Since July 2011, when fighting escalated between the SPLA-N and Khartoum forces, villages near the front lines, like Gardud al Badry, are often the victim.
Sudan’s Central Reserve Police, known as Abu Tira, a force renowned for cruel tactics, are clearly identified for the first time in video footage. During the attack, a coalition of soldiers from Abu Tira, Popular Defense Force (PDF), and Sudan Armed Forces (SAF) kidnapped four men, among them, a young student named Naim, 18. He was arrested on fabricated charges and forced confessions and taken to Al Abassiya prison where he was beaten and tortured for ten days.
Nuba Reports journalists travelled through war-torn communities of South Kordofan to meet with residents of Gardud al Badry and hear Naim’s story. They walked for four days to the remote village, passing destroyed and abandoned villages on the way. For ten more days, they walked gathering evidence from the former homesteads. The journalists saw eight destroyed villages, a trail of violence left behind as the soldiers of Omar al-Bashir’s army move through communities on the battle lines of this conflict.

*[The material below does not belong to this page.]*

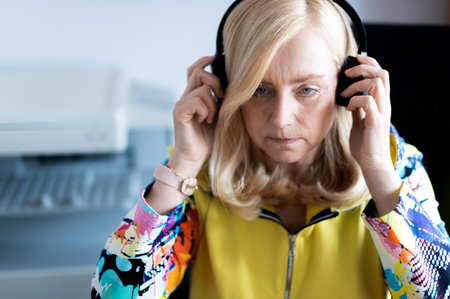 Close-up portrait of focused middle-aged woman wearing headphones watching webinar at office computerの写真素材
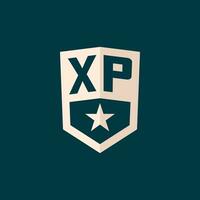 Initial XP logo star shield symbol with simple design vector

Our reporters arrived August 1st, three days after the SAF attacked Gardud al Badry yet again.
Naim told Nuba Reports that he was awoken by the heat of his house burning. The soldiers seized him and bound him with rope. They accused Naim of planting mines for the SPLA-N, despite his student identification card proving his status at Jazeera Secondary School in Al Abassiya. In a barrage of death threats and questions, Naim agreed to the charges to avoid further beatings.
In the video, we hear the soldiers debate whether to shoot him on the spot, “Get information from him, then kill him,” one soldier is heard saying. Another voice says, “He doesn’t know anything. He’s nothing.”

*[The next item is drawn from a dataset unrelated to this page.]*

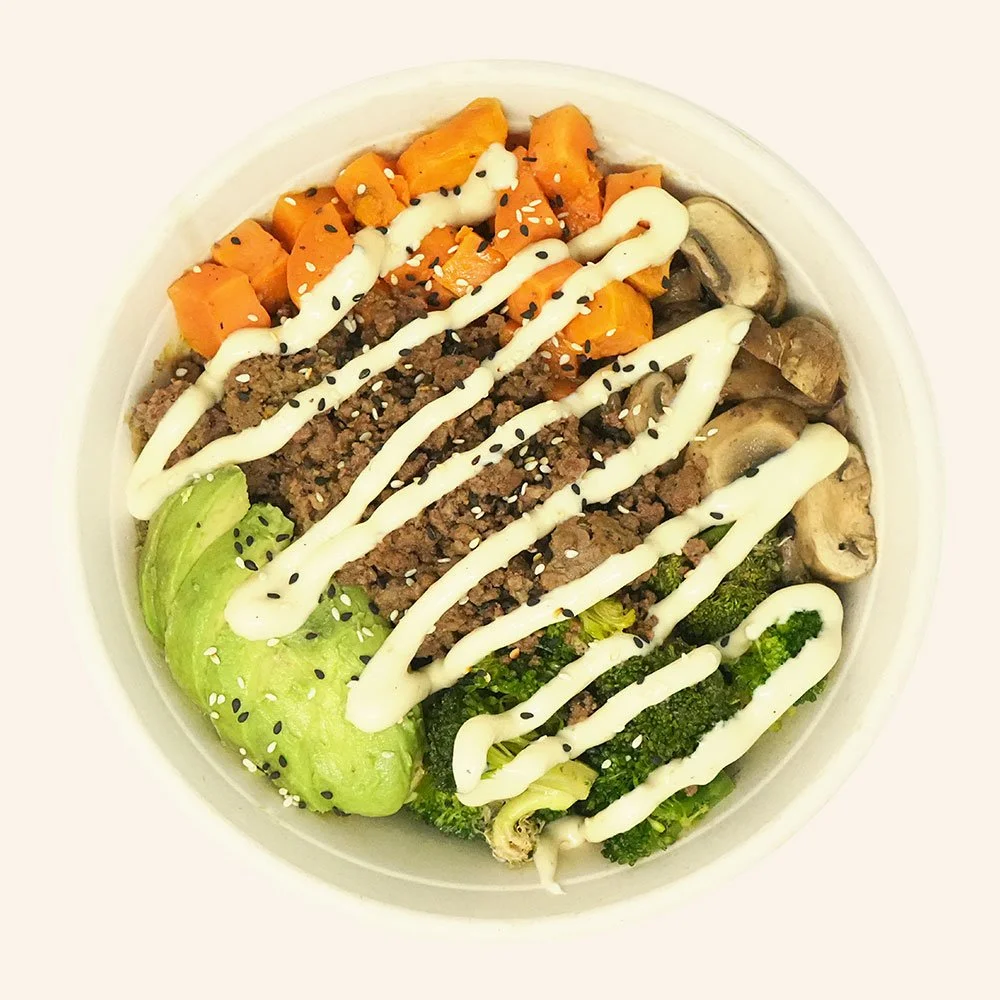 BEEF BUDDHA - Grass fed ground beef, sweet potato, roasted mushroom, roasted broccoli, avocado, quinoa, with a garlic aioli drizzle and topped with sesame seeds.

Naim was detained for ten days amidst his family’s mounting anxiety. His father, Mohammed, received word that Naim was in Al Abassiya and set off to find him. “We spent many days looking for him,” he told Nuba Reports, “without food, without drink, and without enough sleep. We were all looking for him.”
Through days of bureaucratic failures, corruption, false accusations, and high-cost ransoms, he pursued his son’s release. “[T]his is my true son; if he died the whole mountain will cry for him,” he said. “We are innocent and weaponless people, all we are concerned about is getting the meal of the day.”

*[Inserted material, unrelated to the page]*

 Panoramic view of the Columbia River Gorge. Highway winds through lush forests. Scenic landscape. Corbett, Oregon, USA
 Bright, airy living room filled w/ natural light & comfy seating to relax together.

In Al Abassiya, Mohammed met resistance from security officers. According to Mohammed, one of the officers told him “I swear to God, you can take him [Naim] as a dead body, but alive, no way.” Only when he negotiated with the men who burned his village and kidnapped his child, was Mohammed able to obtain Naim’s release. Fareed, a leader of the PDF in Souq Algabal signed as guarantor, releasing Naim as an innocent student.
The incident in Gardud al Badry is one of many efforts to terrorize civilians in a region accused of opposing al-Bashir’s ruling government. The self-proclaimed “Match Battalion,” a coalition of PDF and SAF soldiers, filmed themselves setting fire to the village of Um Bartumbu in late 2011.
Residents of other villages in the region have witnessed Sudan government soldiers burning their homes. Angolo, Buram, Tess, Abu Hassan, Sara Fi, Jimizia, Delami, Mugalam, Lahamar, Tolodi Nuba are a few villages recently attacked or burned. This video provides proof that the Nuban people are the target of state-sanctioned attacks based on their ethnicity and political identification.
The violent conflict continues between SPLA-N and Sudan government forces and it is the civilians and their lands that suffer. As the village of Gardud al Badry burns in the background of the video, we hear a soldier proclaim, “With this flame, we extinguish the burning sedition in South Kordofan.”